Go through the data below. Pull out every line that has the word "Casa".

[[ ENTRIES SUPPLIED, beginning ]]

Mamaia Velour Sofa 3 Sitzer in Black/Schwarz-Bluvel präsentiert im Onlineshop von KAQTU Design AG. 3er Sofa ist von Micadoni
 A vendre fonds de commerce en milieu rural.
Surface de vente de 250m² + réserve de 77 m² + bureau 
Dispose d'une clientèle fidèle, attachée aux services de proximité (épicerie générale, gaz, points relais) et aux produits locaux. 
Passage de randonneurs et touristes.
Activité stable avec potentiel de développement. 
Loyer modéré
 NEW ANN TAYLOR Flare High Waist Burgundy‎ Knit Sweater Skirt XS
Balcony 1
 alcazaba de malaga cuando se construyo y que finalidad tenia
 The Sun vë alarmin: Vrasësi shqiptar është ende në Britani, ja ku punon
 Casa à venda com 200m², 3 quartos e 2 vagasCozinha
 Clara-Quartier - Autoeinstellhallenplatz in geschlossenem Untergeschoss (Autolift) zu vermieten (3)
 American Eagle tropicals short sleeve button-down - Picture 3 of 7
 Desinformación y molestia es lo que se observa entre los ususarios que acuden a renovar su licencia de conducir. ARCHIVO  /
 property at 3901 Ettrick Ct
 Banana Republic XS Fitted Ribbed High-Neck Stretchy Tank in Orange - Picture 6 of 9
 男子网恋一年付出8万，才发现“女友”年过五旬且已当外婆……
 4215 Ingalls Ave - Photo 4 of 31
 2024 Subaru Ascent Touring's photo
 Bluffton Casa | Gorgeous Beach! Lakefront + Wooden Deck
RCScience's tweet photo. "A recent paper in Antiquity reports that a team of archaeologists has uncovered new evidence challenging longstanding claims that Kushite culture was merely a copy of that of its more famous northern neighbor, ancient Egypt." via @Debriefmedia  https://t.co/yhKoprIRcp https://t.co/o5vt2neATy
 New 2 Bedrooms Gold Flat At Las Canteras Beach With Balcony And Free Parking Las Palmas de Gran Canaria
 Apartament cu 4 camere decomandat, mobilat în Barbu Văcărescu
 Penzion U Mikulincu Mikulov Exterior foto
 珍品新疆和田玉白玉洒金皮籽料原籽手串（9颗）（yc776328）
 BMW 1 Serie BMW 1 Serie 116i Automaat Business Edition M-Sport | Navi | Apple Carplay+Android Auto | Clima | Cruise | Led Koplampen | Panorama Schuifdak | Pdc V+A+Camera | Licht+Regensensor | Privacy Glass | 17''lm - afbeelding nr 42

[[ ENTRIES SUPPLIED, end ]]

SOLUTION TO THE EXERCISE
 Casa à venda com 200m², 3 quartos e 2 vagasCozinha
 Bluffton Casa | Gorgeous Beach! Lakefront + Wooden Deck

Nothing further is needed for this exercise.